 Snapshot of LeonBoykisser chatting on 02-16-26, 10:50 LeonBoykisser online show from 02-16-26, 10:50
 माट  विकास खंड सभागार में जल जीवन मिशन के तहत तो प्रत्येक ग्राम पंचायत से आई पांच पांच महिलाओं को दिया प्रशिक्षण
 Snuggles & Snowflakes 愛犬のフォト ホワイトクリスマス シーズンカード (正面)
---
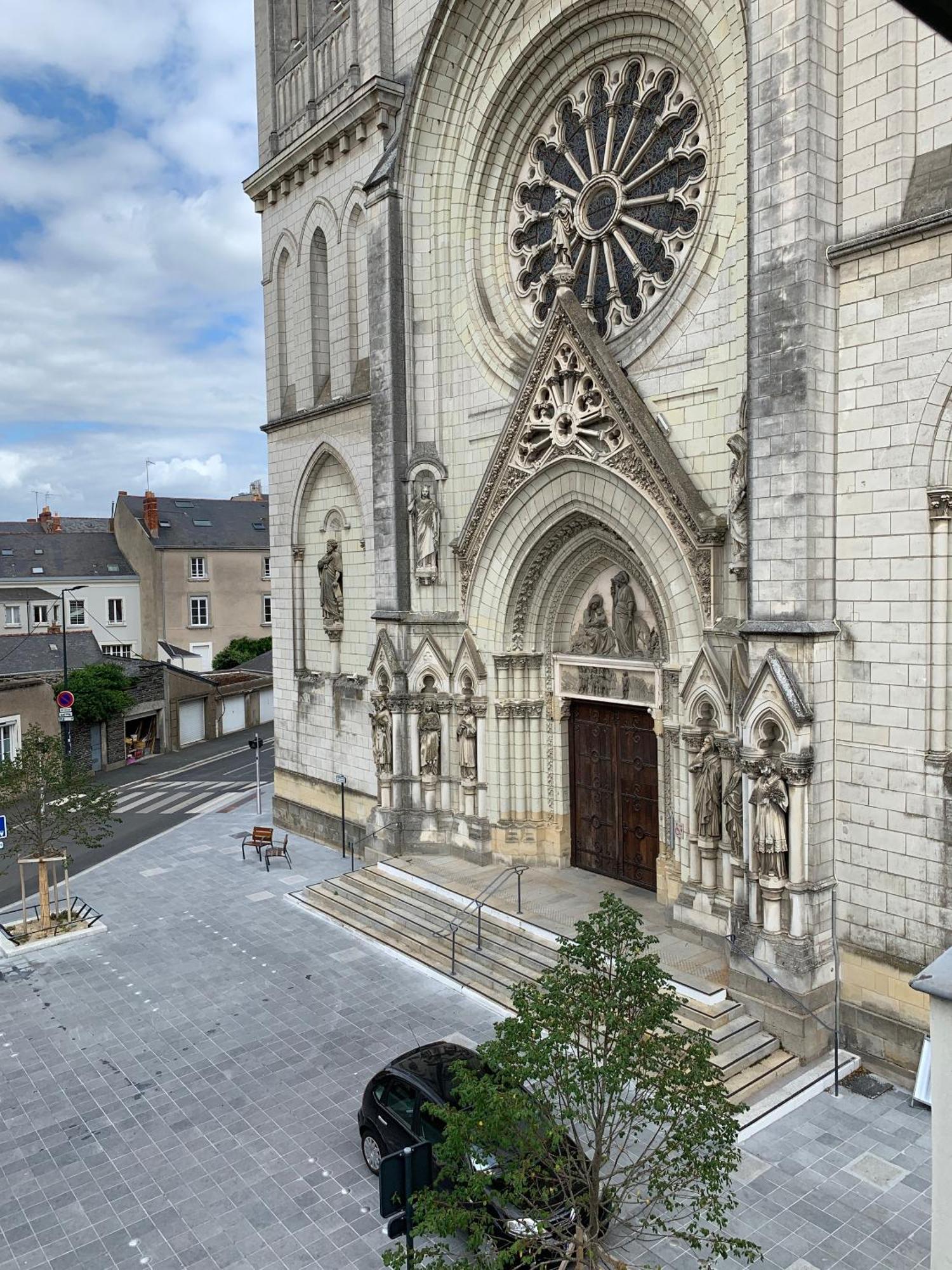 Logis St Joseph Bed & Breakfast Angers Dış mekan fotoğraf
--
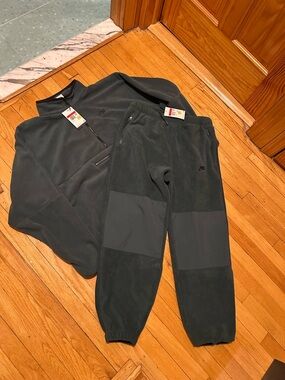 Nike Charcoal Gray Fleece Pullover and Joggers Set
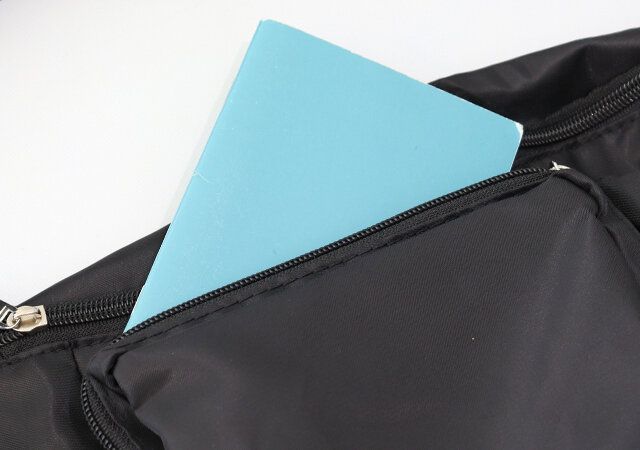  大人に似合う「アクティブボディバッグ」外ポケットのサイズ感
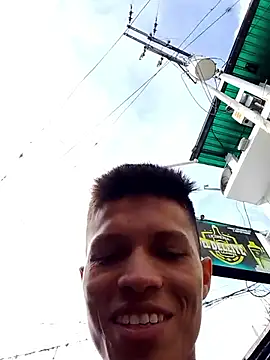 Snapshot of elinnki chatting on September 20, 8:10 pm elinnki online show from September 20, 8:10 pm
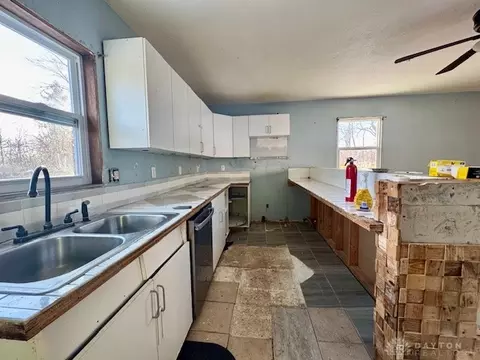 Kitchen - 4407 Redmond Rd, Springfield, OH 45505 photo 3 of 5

Exercise aim: Starting at the line that contains "Snapshot of LeonBoykisser" and stopping after the line that contains "Snuggles & Snowflakes", write out every line exactly as it appears above, and no other line.

Exercise solution:
 Snapshot of LeonBoykisser chatting on 02-16-26, 10:50 LeonBoykisser online show from 02-16-26, 10:50
 माट  विकास खंड सभागार में जल जीवन मिशन के तहत तो प्रत्येक ग्राम पंचायत से आई पांच पांच महिलाओं को दिया प्रशिक्षण
 Snuggles & Snowflakes 愛犬のフォト ホワイトクリスマス シーズンカード (正面)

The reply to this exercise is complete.